Dalla strada provinciale si arriva comodamente alla Piazza principale del paese. Qui domina l'antica e graziosa Chiesa della Madonna delle Grazie, risalente al XII-XIII secolo, costruita con pietre conce su un basamento di un tempio pagano, dedicato a Giove. Lo stile architettonico è quello romanico abruzzese. Al centro della facciata vi è una porta ogivale, architravata con l'agnello crocifero. Ai lati vi sono due lesene, sormontate da statue in edicole a nicchia. In alto, al centro, domina un rosone ad otto colonne. All'interno sono visibile affreschi del XVI secolo.

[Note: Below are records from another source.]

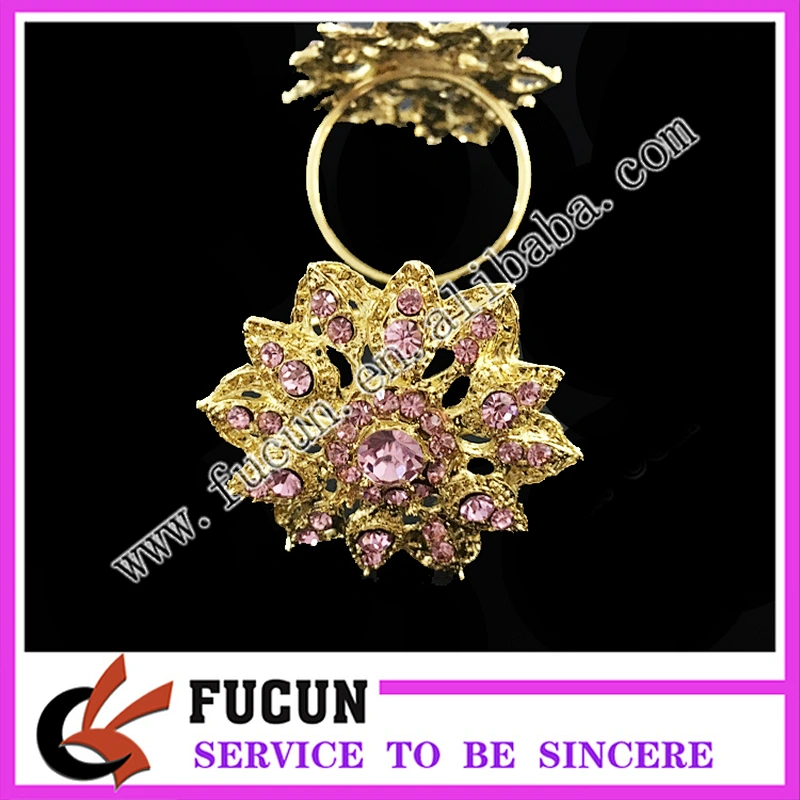 Wedding Diamante Rhinestone napkin ring serviette ring  in gold for table decoration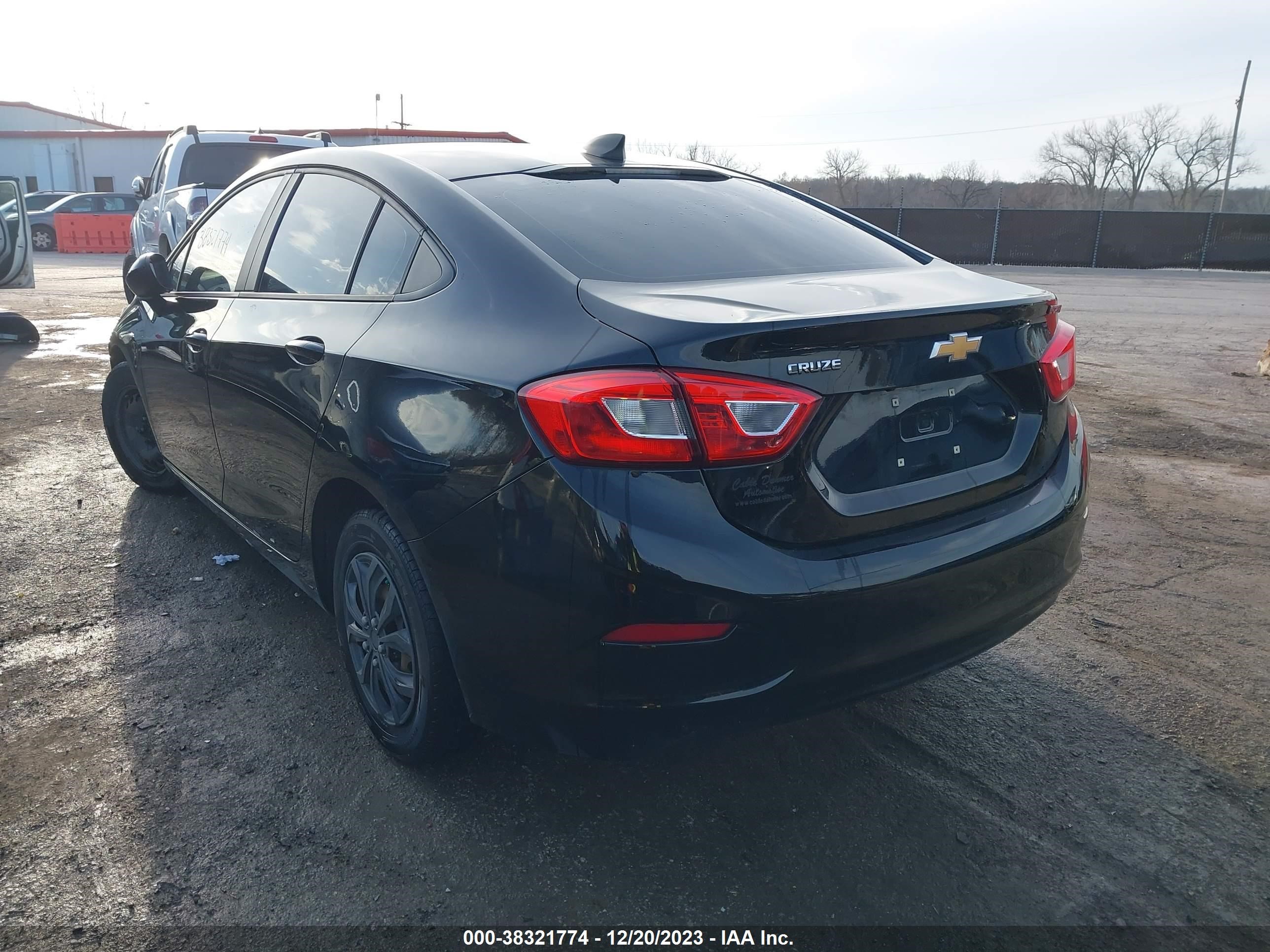 Photo 2 VIN: 1G1BC5SM6J7211072 - CHEVROLET CRUZE 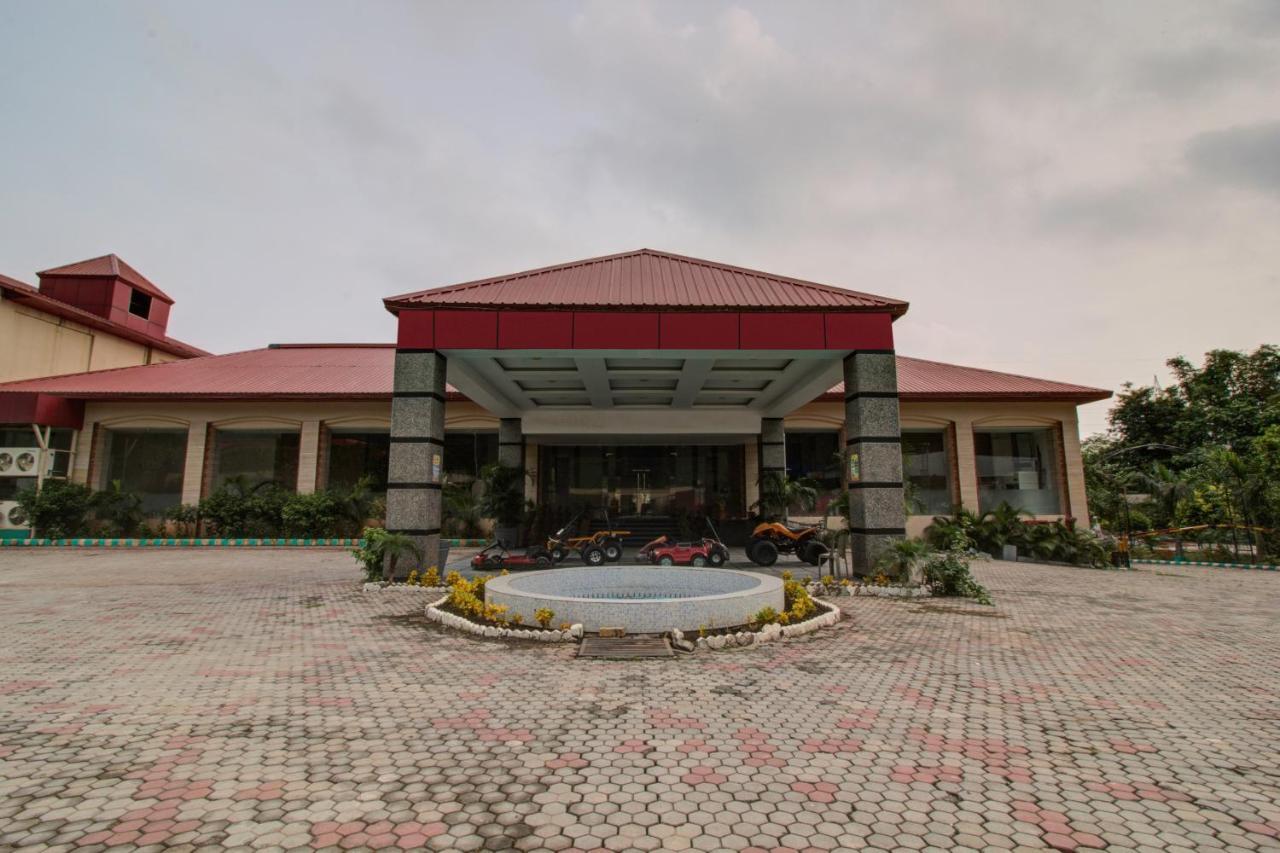 Oyo 3575 The Wave International Hotel Dzsamsedpur Kültér fotó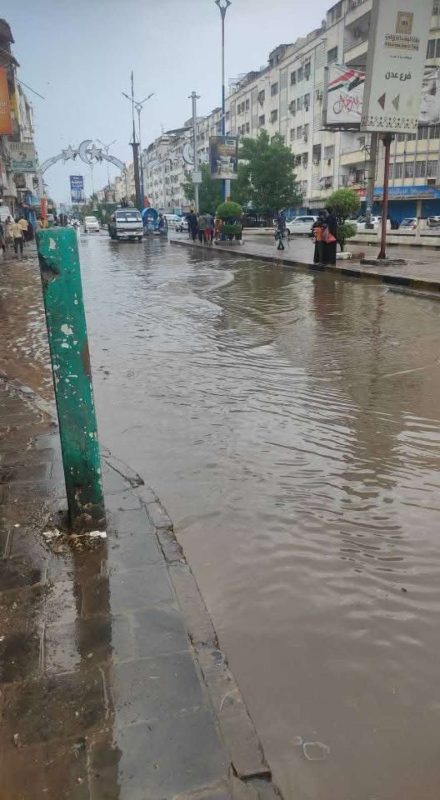الأمطار تغمر شارع مدرم بالمعلا وتؤدي إلى شلل في حركة السير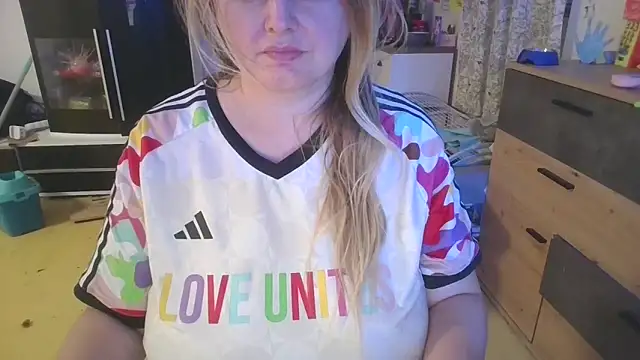 Meliss Official9 online show from 30, 3, 2026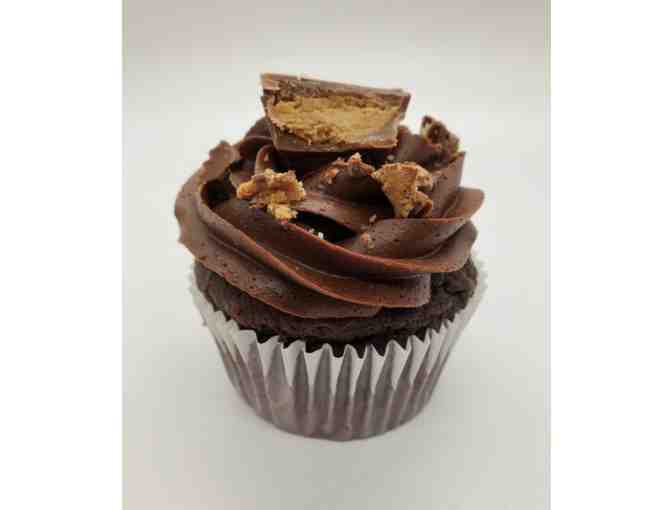 Calabasas Sweets by Leslie Lin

Dalla piazza, con il Municipio a pochi passi, ci si avvia verso il centro storico. Svetta tra le case la Torre del Castello Piccolomini. Sono visibili i beccatelli che fanno ipotizzare una merlatura, andata con il tempo in rovina. Venne trasformata prima in torre campanaria e poi in torre dell'orologio.

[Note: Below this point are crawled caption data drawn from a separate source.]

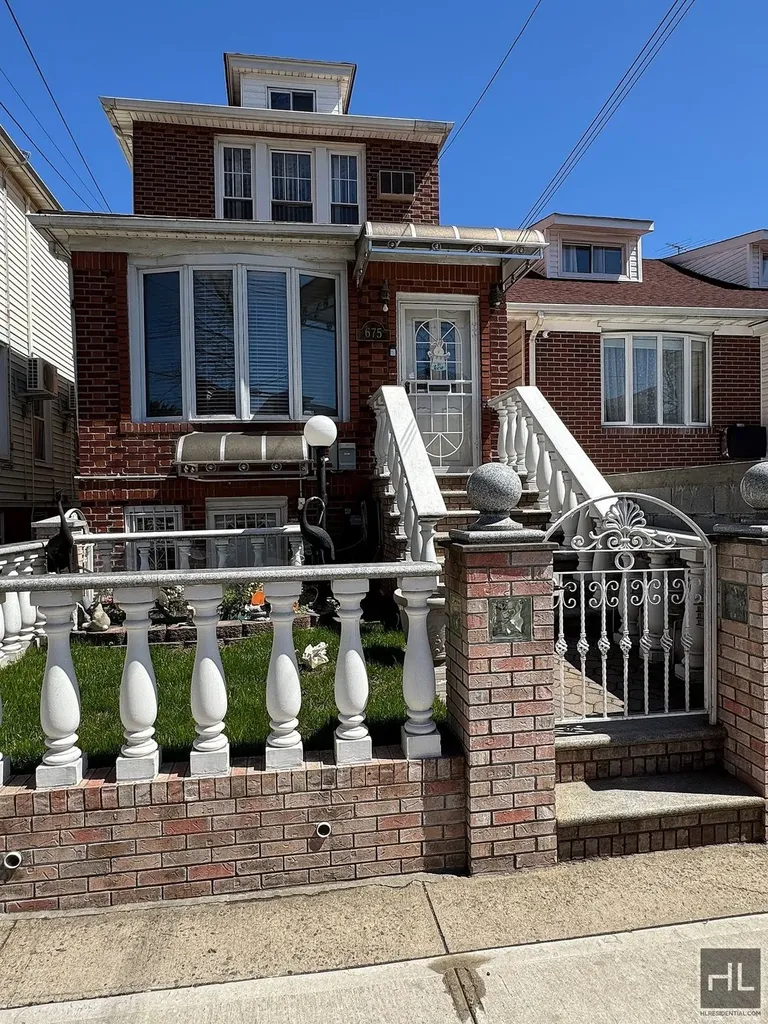 675 E 53rd Street New York City NY 11203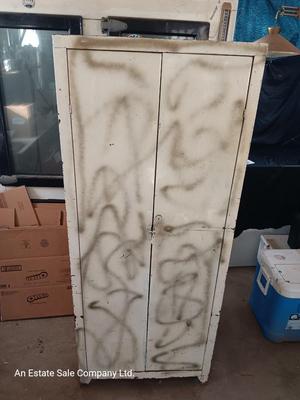 Large tin storage locker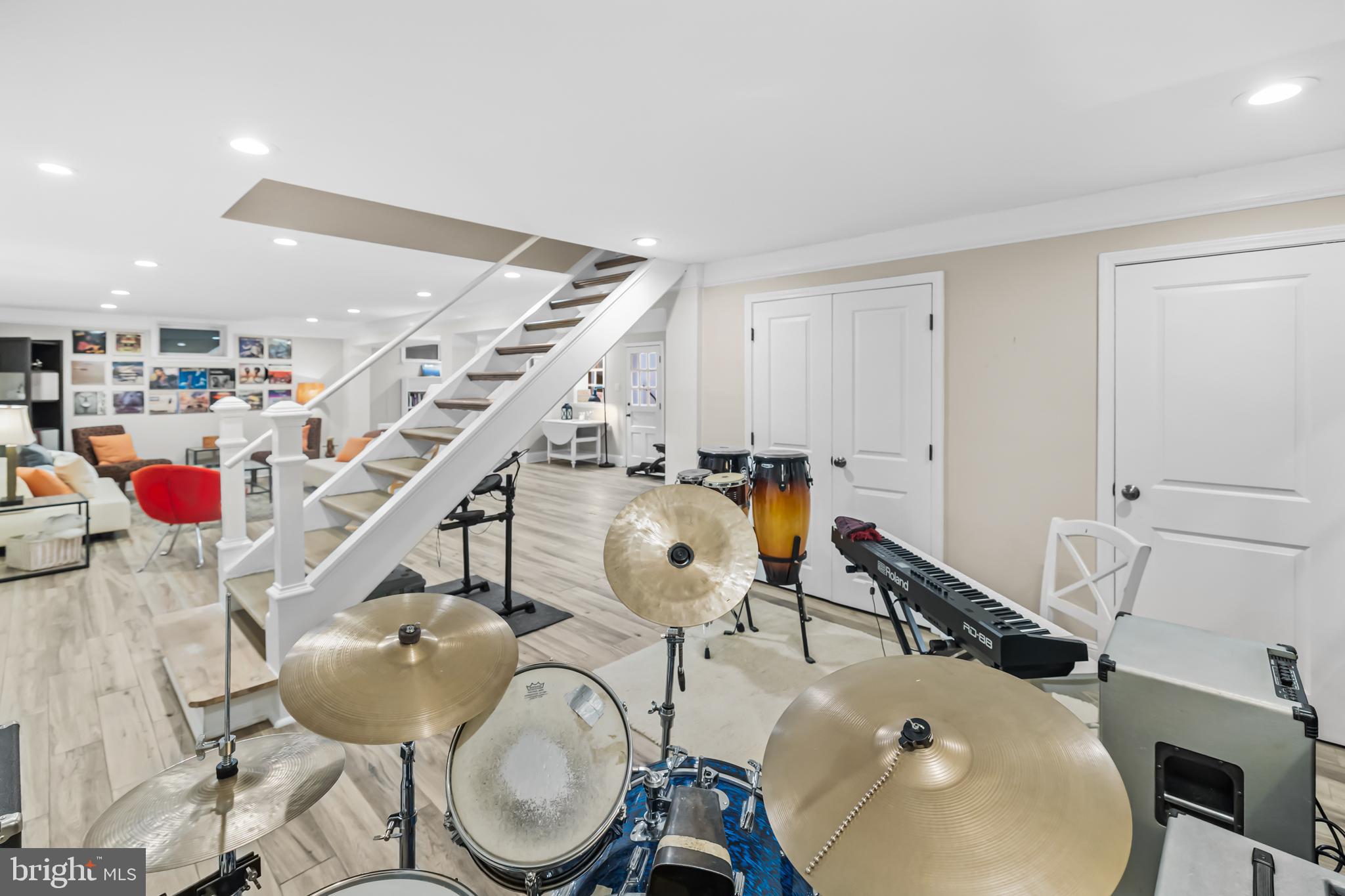 AMANS MCLEAN ESTATES - Residential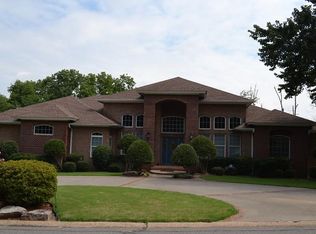 16 Rosemary Ln, Clarksville, AR 72830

Come torre campanaria venne utilizzata per la Chiesa di S. Nicola, di cui resta in piedi la sola facciata. Venne distrutta dal terremoto del 1915. Da alcune stime sembra che la sua costruzione risalga al XV secolo, utilizzando il granaio dell'ormai diruto castello.

Proseguendo verso destra, si arriva ad un bel vedere della Valle del Sagittario.

Andando sempre verso destra si arriva alla Chiesa di S. Domenico Abate, edificata tra la fine del 1800 e gli inizi del 1900, sulla stessa area, dove sorgeva una piccola cappella dedicata al Santo. La costruzione è maestosa e all'interno c'è un ottimo equilibrio di spazi. Oltre alla Statua del Santo, appesa al muro c'è una campanella, che la tradizione vuole che preservi dal mal di denti, se viene fatta suonare, tirando con la bocca la cordicella.

Da una stradina laterale si va alla Fonte Medioevale, a tre archi ogivali, del secolo XIII. Da qui si ritorno al punto di partenza o per Ie stradine de] centro storico o per la strada nuova che costeggia l'abitato.  

La festa di San Domenico e l'offerta rituale dei serpari

La festa più grande e che rende Cocullo nota in tutto il mondo è quella dedicata a S. Domenico Abate. Il culto verso questo Santo venne propagato dai monaci di S. Pietro in Lago, che nel paese avevano la Rettoria Curata di S. Giovanni in Campo. Secondo la leggenda, invece, il culto si sarebbe originato da alcuni miracoli che il Santo compì nell'attraversare il territorio di Cocullo.

Delle numerosi tradizioni popolari, legate a questo culto, resta quella di mettere, prima della processione, attorno alla statua del Santo, serpi vive, in segno di omaggio. I rettili vengono catturati qualche giorno prima dai serpari.

Questi la mattina della festa sostano in piazza per mettere a tutti di toccare e farsi fotografare con i serpenti, che, come per miracolo, sono di una docilità incredibile.

Prima dell'inizio della processione, sul sagrato circondano la statua del Santo della loro "offerta". I rettili restano docili sino alla fine della processione. Poi vengono di nuovo lasciati liberi nei luoghi dove sono stati catturati.

Alla festa arrivano diverse compagnie di pellegrini, ma quella più nota è la compagnia di Atina (Fr.), che si fa accompagnare da suonatori di zampogne, mentre raggiunge in processione, dalla periferia del paese, la chiesa del Santo.

Arrivano anche migliaia di fedeli e curiosi da ogni parte d'Italia, nonché centinaia di bancarelle con mercanzie di ogni genere.

L'usanza dell'offerta delle serpi è l'omaggio che i Cocullesi rivolgono al Santo, che, secondo la leggenda, li liberò dal pericolo di questi rettili.

Al di là della leggenda, va detto che nell'antichità in queste zone era diffuso il culto verso la dea Angizia, sorella di Circe, protettrice dai morsi velenosi e che molti esercitavano la professione di serpari, conoscendo l'arte di maneggiare i serpenti e i rimedi contro il veleno.